## Study material

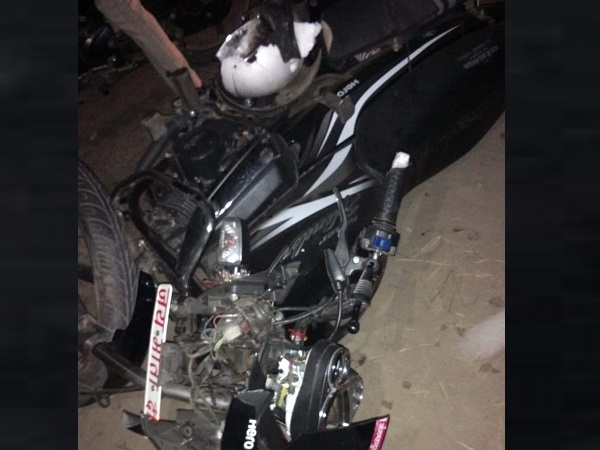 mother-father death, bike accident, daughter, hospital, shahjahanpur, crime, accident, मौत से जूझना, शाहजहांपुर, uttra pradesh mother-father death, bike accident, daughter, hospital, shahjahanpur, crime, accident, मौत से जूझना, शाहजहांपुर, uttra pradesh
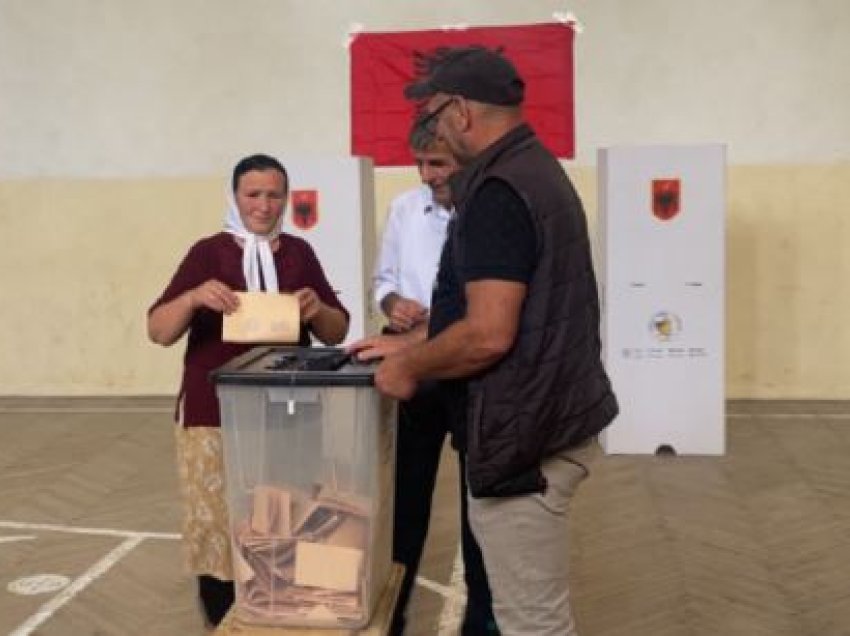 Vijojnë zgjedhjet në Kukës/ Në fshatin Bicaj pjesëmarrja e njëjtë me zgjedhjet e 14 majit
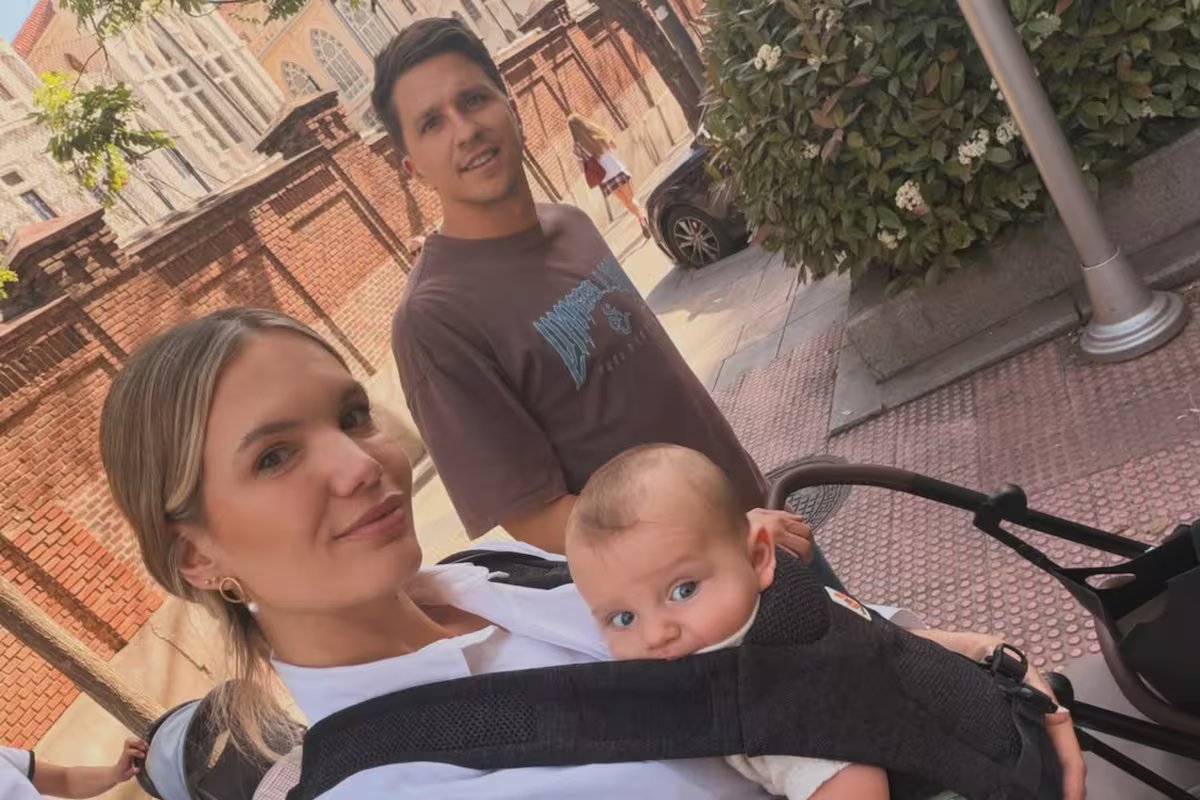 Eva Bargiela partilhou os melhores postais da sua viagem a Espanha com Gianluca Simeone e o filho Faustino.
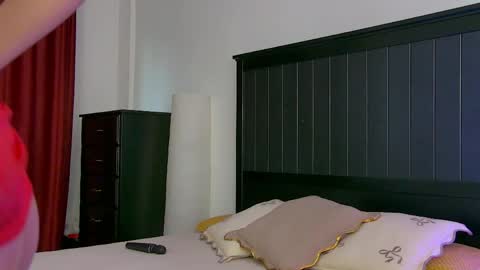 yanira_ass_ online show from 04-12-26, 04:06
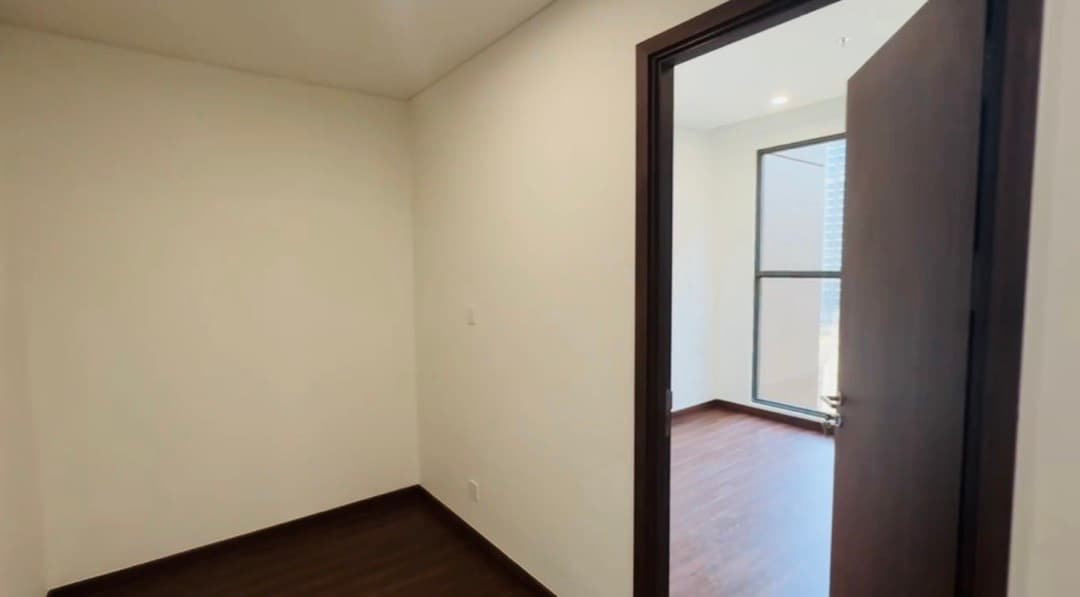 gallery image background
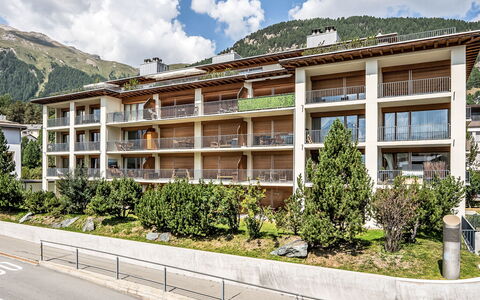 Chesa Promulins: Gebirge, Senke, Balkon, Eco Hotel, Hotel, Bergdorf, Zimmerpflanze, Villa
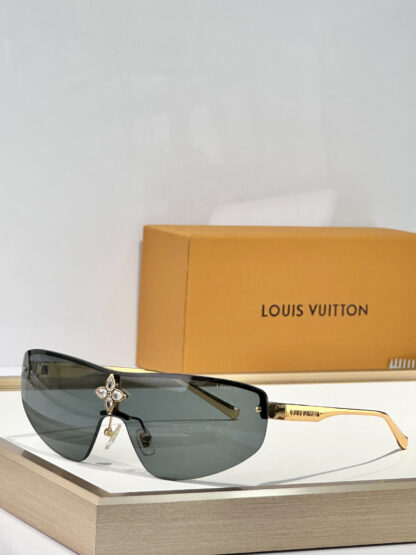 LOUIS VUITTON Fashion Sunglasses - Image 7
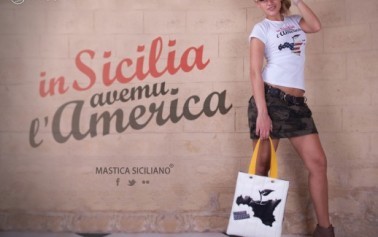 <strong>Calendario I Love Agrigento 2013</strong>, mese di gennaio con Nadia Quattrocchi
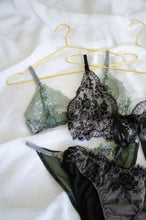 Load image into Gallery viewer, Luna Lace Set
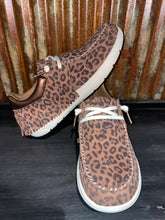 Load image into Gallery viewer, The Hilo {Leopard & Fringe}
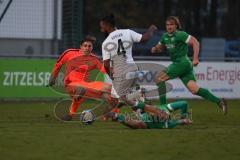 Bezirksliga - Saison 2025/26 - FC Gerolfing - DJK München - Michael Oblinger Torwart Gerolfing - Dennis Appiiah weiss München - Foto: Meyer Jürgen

---

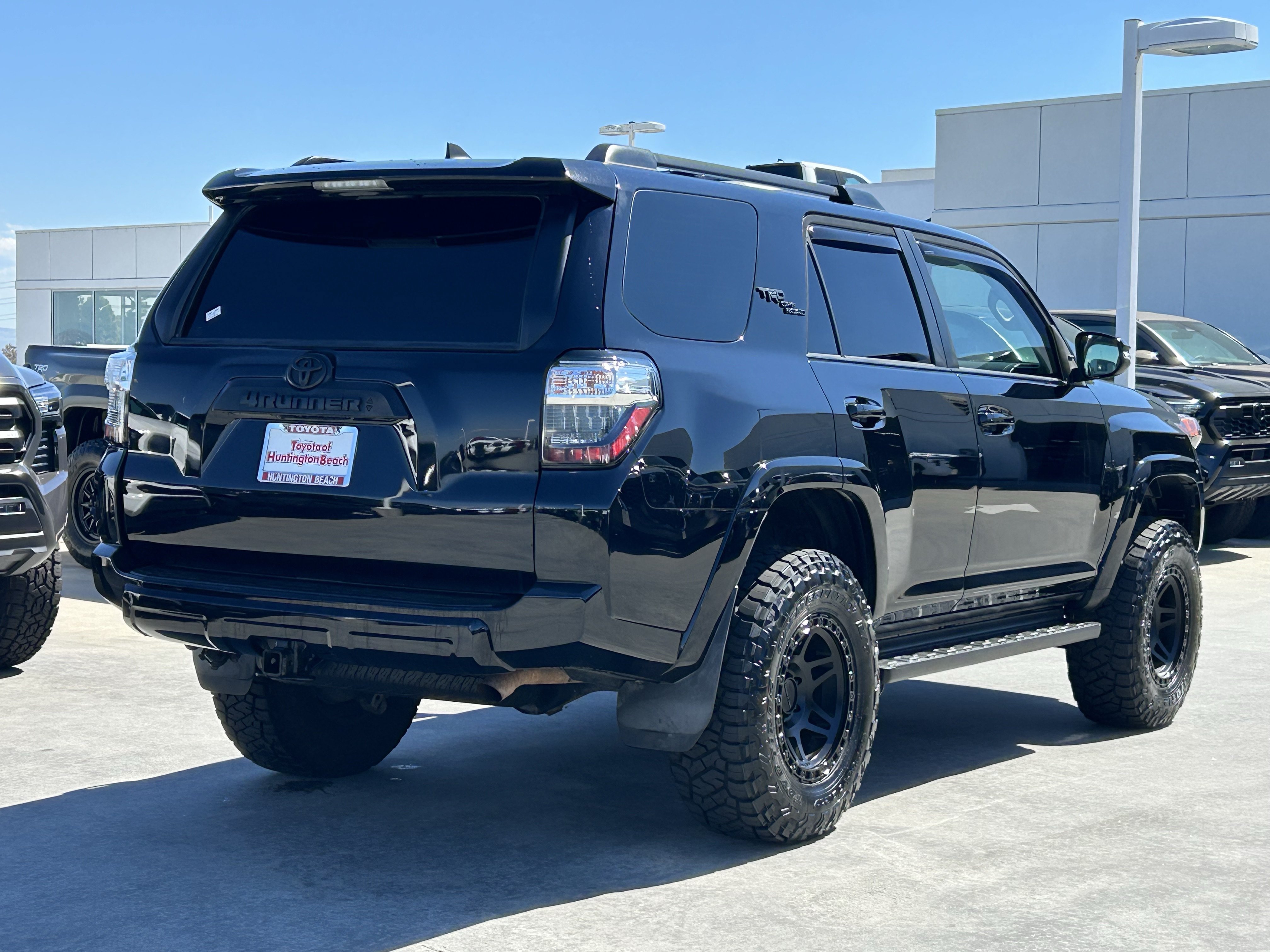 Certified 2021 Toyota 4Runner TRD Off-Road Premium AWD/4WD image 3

* * *

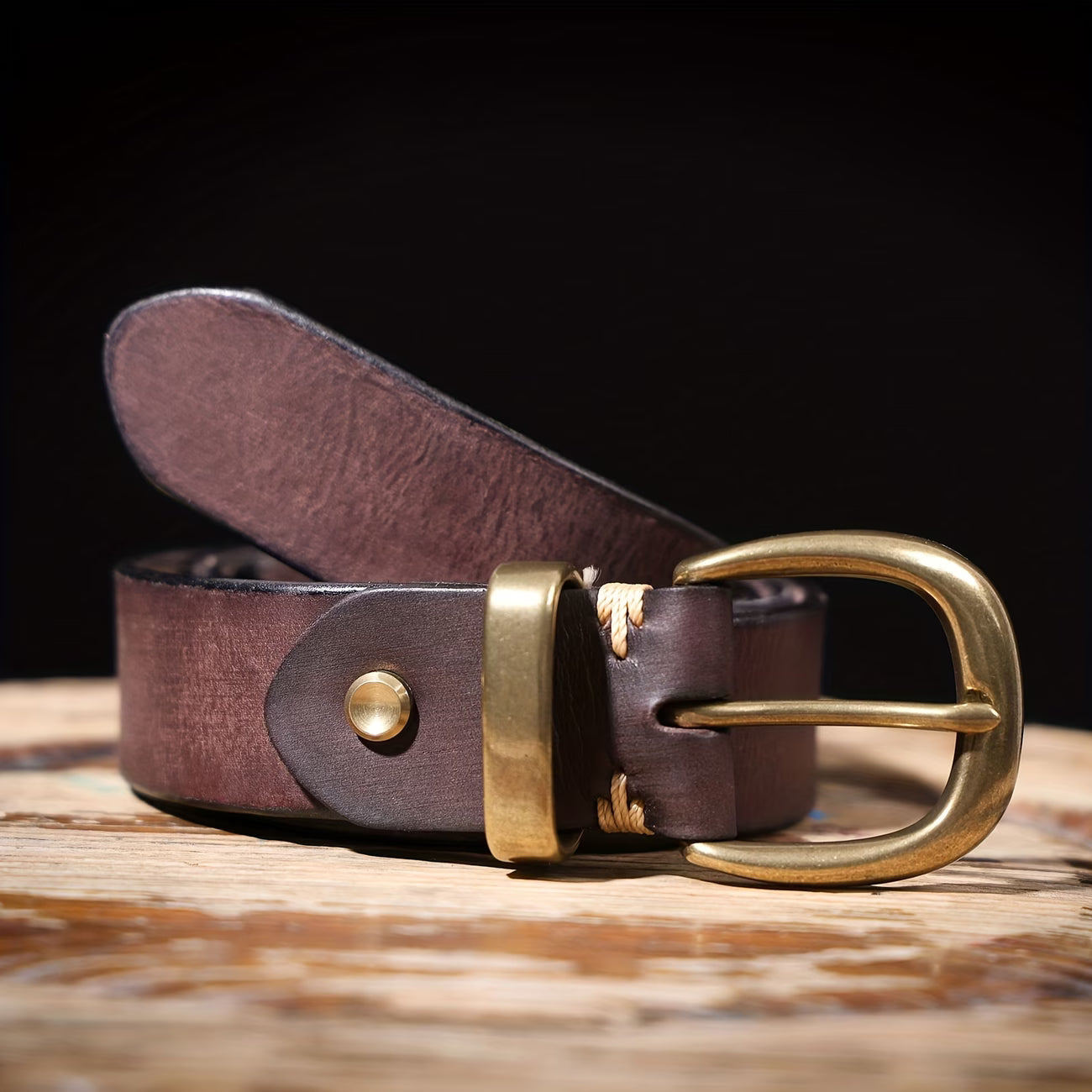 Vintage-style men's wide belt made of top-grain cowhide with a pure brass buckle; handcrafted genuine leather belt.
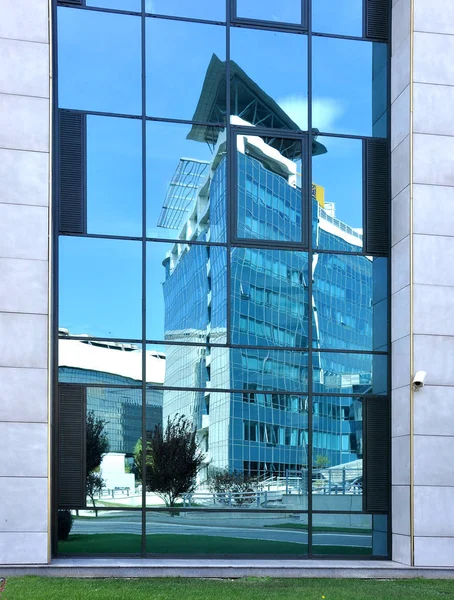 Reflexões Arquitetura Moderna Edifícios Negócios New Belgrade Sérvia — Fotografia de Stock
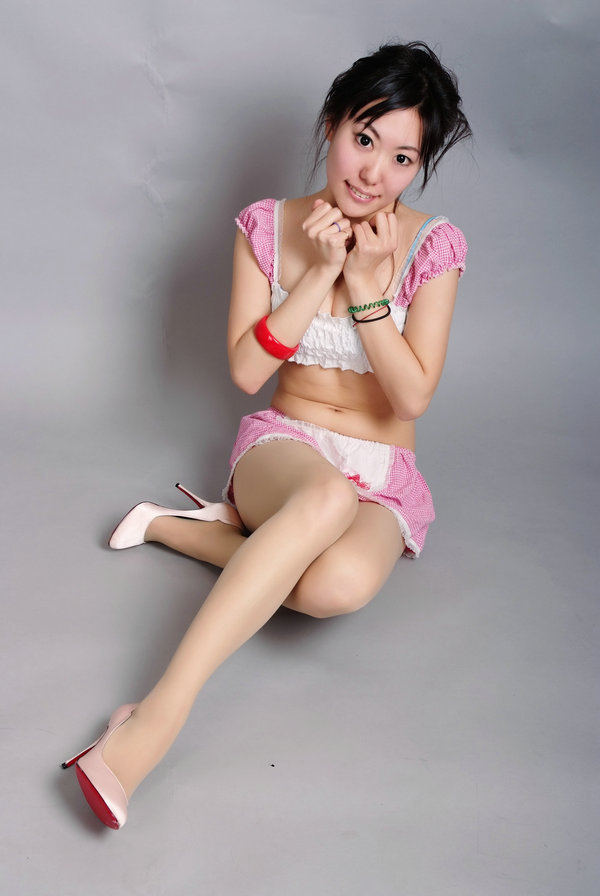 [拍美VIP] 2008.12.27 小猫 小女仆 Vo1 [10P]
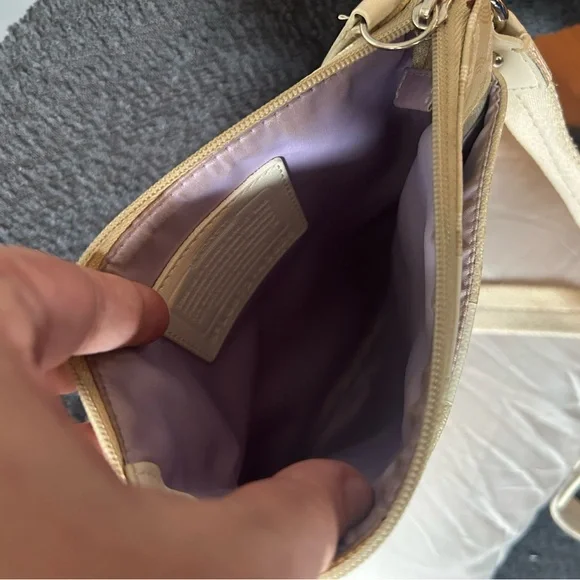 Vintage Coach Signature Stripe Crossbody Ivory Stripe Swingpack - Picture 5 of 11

## What to do
A clean copy is needed of the lines above from the one with "uttra pradesh mother-father" up to and including the one with "Bezirksliga - Saison". Please set it down exactly, with no pictures.

## Response to the task
 mother-father death, bike accident, daughter, hospital, shahjahanpur, crime, accident, मौत से जूझना, शाहजहांपुर, uttra pradesh mother-father death, bike accident, daughter, hospital, shahjahanpur, crime, accident, मौत से जूझना, शाहजहांपुर, uttra pradesh
 Vijojnë zgjedhjet në Kukës/ Në fshatin Bicaj pjesëmarrja e njëjtë me zgjedhjet e 14 majit
 Eva Bargiela partilhou os melhores postais da sua viagem a Espanha com Gianluca Simeone e o filho Faustino.
 yanira_ass_ online show from 04-12-26, 04:06
 gallery image background
 Chesa Promulins: Gebirge, Senke, Balkon, Eco Hotel, Hotel, Bergdorf, Zimmerpflanze, Villa
 LOUIS VUITTON Fashion Sunglasses - Image 7
 <strong>Calendario I Love Agrigento 2013</strong>, mese di gennaio con Nadia Quattrocchi
 Load image into Gallery viewer, Luna Lace Set
 Load image into Gallery viewer, The Hilo {Leopard & Fringe}
 Bezirksliga - Saison 2025/26 - FC Gerolfing - DJK München - Michael Oblinger Torwart Gerolfing - Dennis Appiiah weiss München - Foto: Meyer Jürgen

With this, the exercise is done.